Eventually, you may want to set up public key encryption (GitHub has documentation on how to add SSH keys).
Step 1: Make any old change to the VERY BOTTOM of the index.md file. Add and commit that change!
Step 2: Wait for me to push a change (also at the VERY BOTTOM), then pull my changes.
Step 3: We have a (easy to solve) problem!
$ git pull
Auto-merging index.md
CONFLICT (content): Merge conflict in index.md
Automatic merge failed; fix conflicts and then commit the result.
OK - this is actually GREAT!
If this happened in a real-world situation, we'd still have a copy of the changes we made in both places, plus we have a local version of the file that's marked up to show us where the confusion is. If we forget what's going on, we can always ask git:
$ git status
On branch gh-pages
Your branch and 'origin/gh-pages' have diverged,
and have 1 and 1 different commit each, respectively.
(use "git pull" to merge the remote branch into yours)
You have unmerged paths.
(fix conflicts and run "git commit")
Unmerged paths:
(use "git add <file>..." to mark resolution)
both modified: index.md
no changes added to commit (use "git add" and/or "git commit -a")
So, just edit the file.
$ nano index.md
And, you should see something like
<<<<<<< HEAD
Stuff you wrote
=======
Stuff I wrote
>>>>>>> a-long-hash-string
You don't need to pay attention to the details of the hash, etc., just edit that block to make it how it should be.
A key step to interacting with an online repository that you have forked is adding the original as a remote repository.
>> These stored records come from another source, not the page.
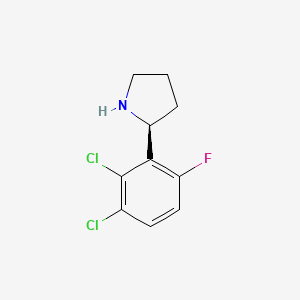 (S)-2-(2,3-Dichloro-6-fluorophenyl)pyrrolidine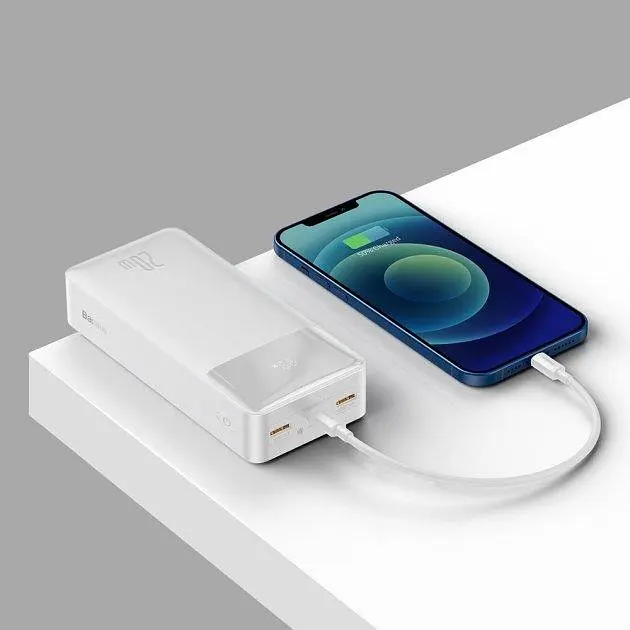 Внешний аккумулятор Baseus Bipow 30000mah 20w (ppdml-N02) Белый - фото 8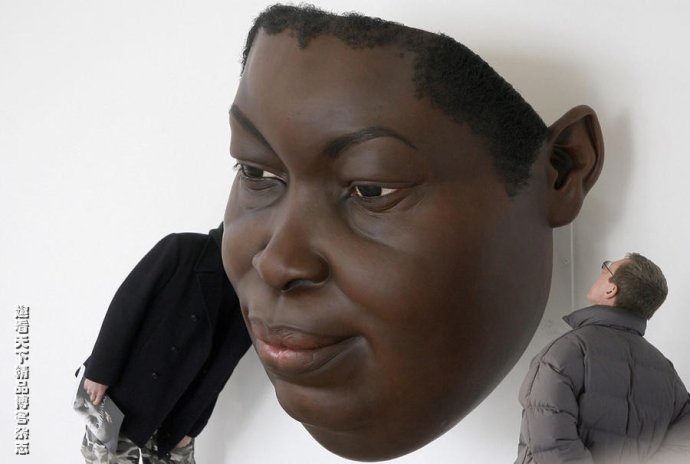 黑人人像超逼真现实人物雕塑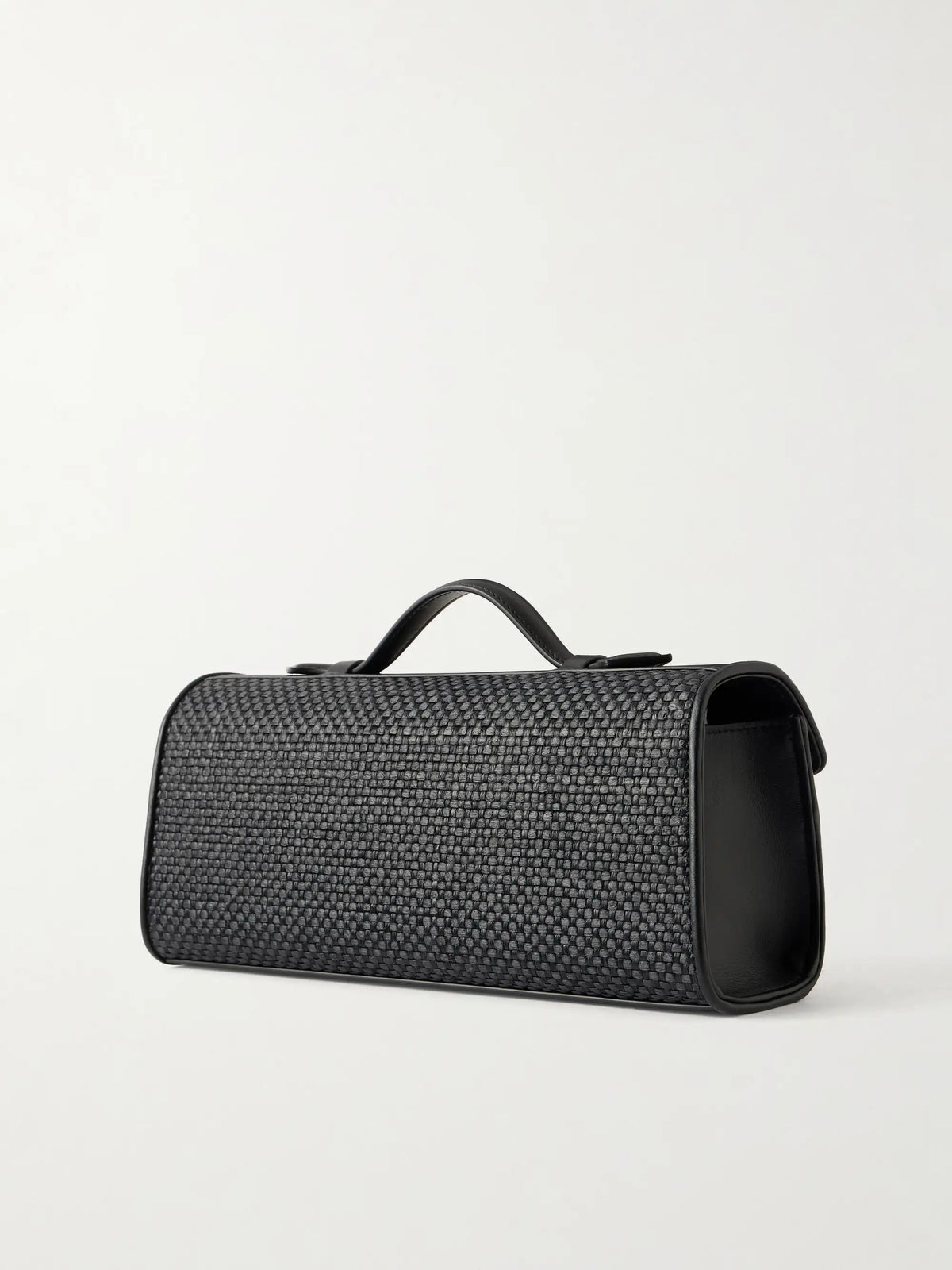 Slim Symmetry Woven Leather Tote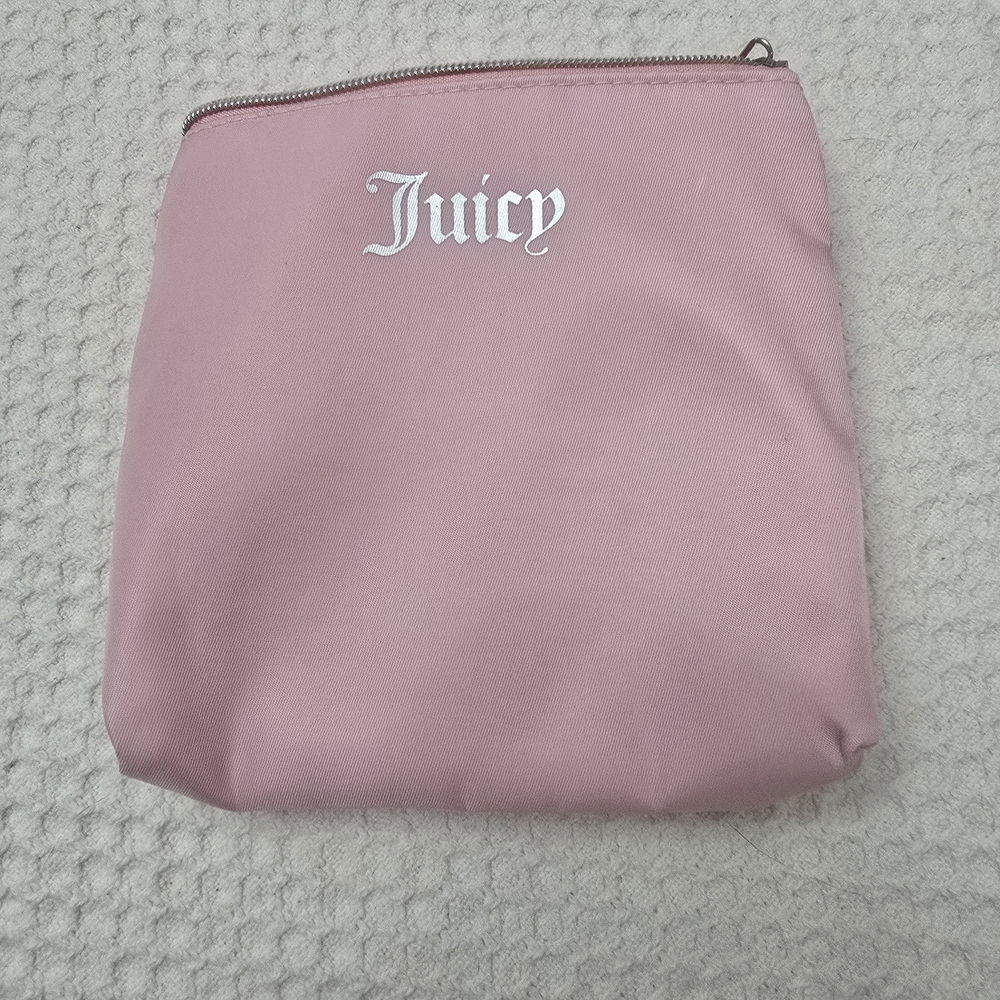Juicy Couture Light Pink Cosmetic Pouch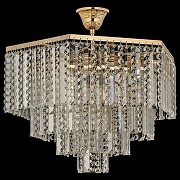Люстра на штанге Arti Lampadari Loreto Gold Loreto E 1.5.40.105 G цвет плафона/подвески Прозрачный, цвет арматуры Золото-1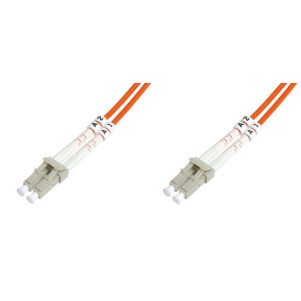 CAVO FIBRA OTTICA LC A LC MULTIMODE DUPLEX OM2 50/125 MT.5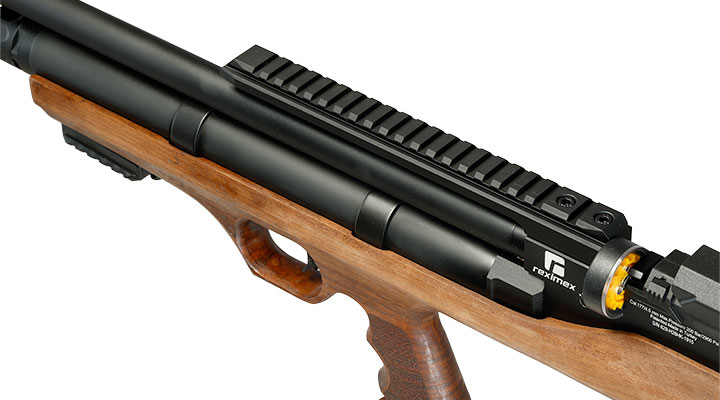 Reximex Lyra-BP Bullpup Pressluftgewehr PCP Kal. 4,5 mm Diabolo Walnussholz inkl. 2 x 14-Schuss Magazin Bild 3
By adding the remote repository, you inform git of a new option for fetching updates and pushing commits.
The git remote command allows you to add, name, rename, list, and delete repositories such as the original one upstream from your fork, others that may be parallel to your fork, and so on.
In step 1, you will make a copy "fork" of our test repository 2014-03-18-git-fundamentals on github. This gives you a copy of this repository that you control.
In step 2, you will change the name of the dlab-berkeley repository on your hard drive to "upstream".
In step 3, you will let git know that in addition to your local copy and the upstream repo on github, there is another github repository (called "origin") that you might want to get updates from.
Step 1 : Go to our repository from your browser, and click on the Fork button. Choose to fork it to your username rather than any organizations.
Step 2 : Change the old origin to upstream
We want to keep track of the upstream source, but we'll use "origin" to mean the main repository we're working with.
$ git remote rename origin upstream
Step 3 : Add your new fork as the origin
$ git remote add origin https://github.com/YOU/2014-03-18-git-fundamentals.git
$ git remote -v
origin https://github.com/YOU/2014-03-18-git-fundamentals.git (fetch)
origin https://github.com/YOU/2014-03-18-git-fundamentals.git (push)
upstream https://github.com/dlab-berkeley/2014-03-18-git-fundamentals.git (fetch)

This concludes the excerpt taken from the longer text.